= Rats of Nam Yum =

The Rats of Nam Yum were internal deserters from the French forces at the Battle of Dien Bien Phu during the First Indochina War.

The "Rats" consisted of French, Foreign Legion, African, Vietnamese, and Thai tribal troops who were unable or unwilling to defect to the Viet Minh opposing the French, but reluctant to continue to fight as part of the French forces. Reportedly the majority were locally recruited Indochinese, plus Algerian and Moroccan tirailleurs.

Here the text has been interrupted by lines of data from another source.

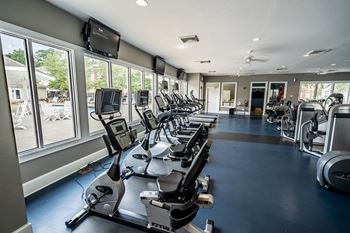 workout equipment in the fitness center at 700 Acqua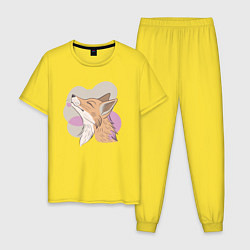 Пижама хлопковая мужская Лиса с улыбающимся выражением морды, цвет: желтый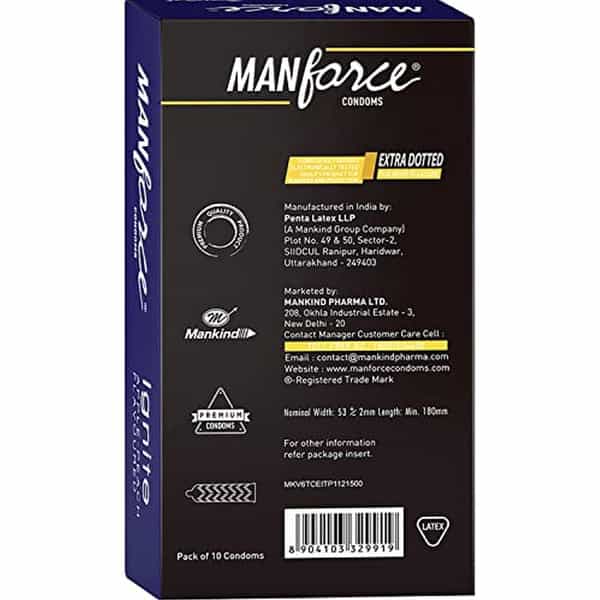 Manforce Ignite Apple-Peach Flavoured Extra Dotted 10 Pcs X Pack Of 4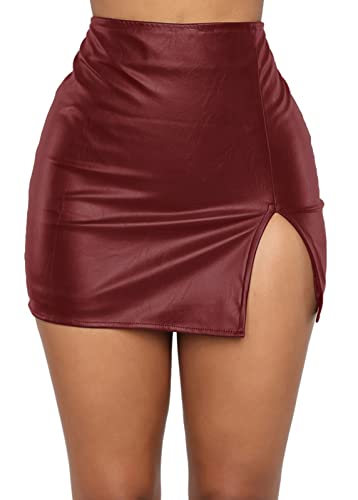 Bleistift Bodycon Kunstleder Rock für Frauen - Mini, Elastisch, Hohe Taille, Zip Zurück, Slim Fit Style, Split Wrap - Party Night Röcke - Rot Medium von Panegy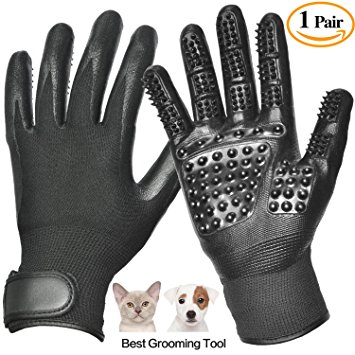 Pet Grooming Glove, Pet Hair Glove Remover Mitt Gentle De-shedding Brush Glove, Five Finger Comb Glove Pet Massage Mitt, Bathing Shedding Massage Tool for Long or Short Hair Dogs, Cats, Horses-1 Pair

Estimated to have numbered about one thousand, the Rats sequestered themselves in a portion of the fortress of Dien Bien Phu on the cliffs overlooking the Nam Yum river to wait out the battle. They subsisted on rations and equipment stolen from the French forces or from airdropped supplies they were able to intercept. Lacking shelters or building supplies, they took to digging dugouts for shelter.

A 2018 history of the Battle of Dien Bien Phu draws on reports from the commander of the fortress gendarmerie detachment to suggest that the numbers of the "Rats of Nam Yum" were exaggerated in earlier accounts; and that many were not deserters but had remained with disbanded or disorganised sub-units pulled back from the firing line and dispersed along the river bank. While not participating in actual combat during the final stages of the siege, some of these troops performed the role of support personnel; collecting and bringing in parachuted supplies to the main garrison.

==Sources==
- Fall, Bernard B. . Hell in a Very Small Place. Da Capo Press, 1985. ISBN 978-0-306-80231-7.